• Assignment
Among the entries that follow, find the lines containing the string "sitting" and copy them.

═══

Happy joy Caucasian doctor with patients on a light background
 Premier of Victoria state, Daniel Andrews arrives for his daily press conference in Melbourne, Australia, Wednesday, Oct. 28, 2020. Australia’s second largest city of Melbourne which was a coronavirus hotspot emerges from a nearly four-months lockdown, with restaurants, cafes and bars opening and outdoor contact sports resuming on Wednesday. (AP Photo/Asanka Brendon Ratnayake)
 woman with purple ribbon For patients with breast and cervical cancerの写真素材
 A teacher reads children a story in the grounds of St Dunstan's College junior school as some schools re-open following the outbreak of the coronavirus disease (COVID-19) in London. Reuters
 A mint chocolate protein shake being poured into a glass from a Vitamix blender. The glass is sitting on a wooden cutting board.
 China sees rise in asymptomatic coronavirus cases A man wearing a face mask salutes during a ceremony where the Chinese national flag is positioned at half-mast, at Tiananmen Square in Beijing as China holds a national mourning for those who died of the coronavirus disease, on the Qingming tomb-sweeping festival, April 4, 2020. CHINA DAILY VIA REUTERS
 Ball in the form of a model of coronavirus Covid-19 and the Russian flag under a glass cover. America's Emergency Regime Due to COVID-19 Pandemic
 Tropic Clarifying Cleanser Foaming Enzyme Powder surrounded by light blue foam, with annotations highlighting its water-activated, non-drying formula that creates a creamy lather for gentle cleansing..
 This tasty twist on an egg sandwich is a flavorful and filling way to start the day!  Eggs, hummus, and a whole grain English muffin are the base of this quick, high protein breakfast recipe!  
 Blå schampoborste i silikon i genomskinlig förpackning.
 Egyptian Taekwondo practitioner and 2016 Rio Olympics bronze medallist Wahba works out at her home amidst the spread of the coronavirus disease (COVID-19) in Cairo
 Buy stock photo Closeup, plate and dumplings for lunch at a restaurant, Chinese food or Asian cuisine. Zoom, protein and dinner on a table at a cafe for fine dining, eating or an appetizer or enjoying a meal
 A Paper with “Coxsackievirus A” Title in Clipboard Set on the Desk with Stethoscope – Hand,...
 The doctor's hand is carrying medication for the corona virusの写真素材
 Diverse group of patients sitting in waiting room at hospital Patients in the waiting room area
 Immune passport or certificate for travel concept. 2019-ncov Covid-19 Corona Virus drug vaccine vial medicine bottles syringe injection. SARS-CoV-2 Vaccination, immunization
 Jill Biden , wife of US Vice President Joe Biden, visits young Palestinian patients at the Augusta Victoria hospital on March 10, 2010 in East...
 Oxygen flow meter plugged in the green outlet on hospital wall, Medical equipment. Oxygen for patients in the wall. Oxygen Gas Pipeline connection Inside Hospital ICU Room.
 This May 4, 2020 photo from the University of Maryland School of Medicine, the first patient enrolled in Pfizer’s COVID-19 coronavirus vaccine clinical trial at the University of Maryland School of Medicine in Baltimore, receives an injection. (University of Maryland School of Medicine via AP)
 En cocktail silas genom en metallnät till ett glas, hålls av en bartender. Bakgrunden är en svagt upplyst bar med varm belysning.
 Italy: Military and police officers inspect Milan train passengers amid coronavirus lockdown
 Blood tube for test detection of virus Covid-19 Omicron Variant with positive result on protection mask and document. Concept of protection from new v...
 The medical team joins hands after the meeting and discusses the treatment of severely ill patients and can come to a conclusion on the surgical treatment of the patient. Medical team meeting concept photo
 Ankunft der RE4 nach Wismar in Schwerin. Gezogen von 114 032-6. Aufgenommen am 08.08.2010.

═══

• Written solution
 A mint chocolate protein shake being poured into a glass from a Vitamix blender. The glass is sitting on a wooden cutting board.
 Diverse group of patients sitting in waiting room at hospital Patients in the waiting room area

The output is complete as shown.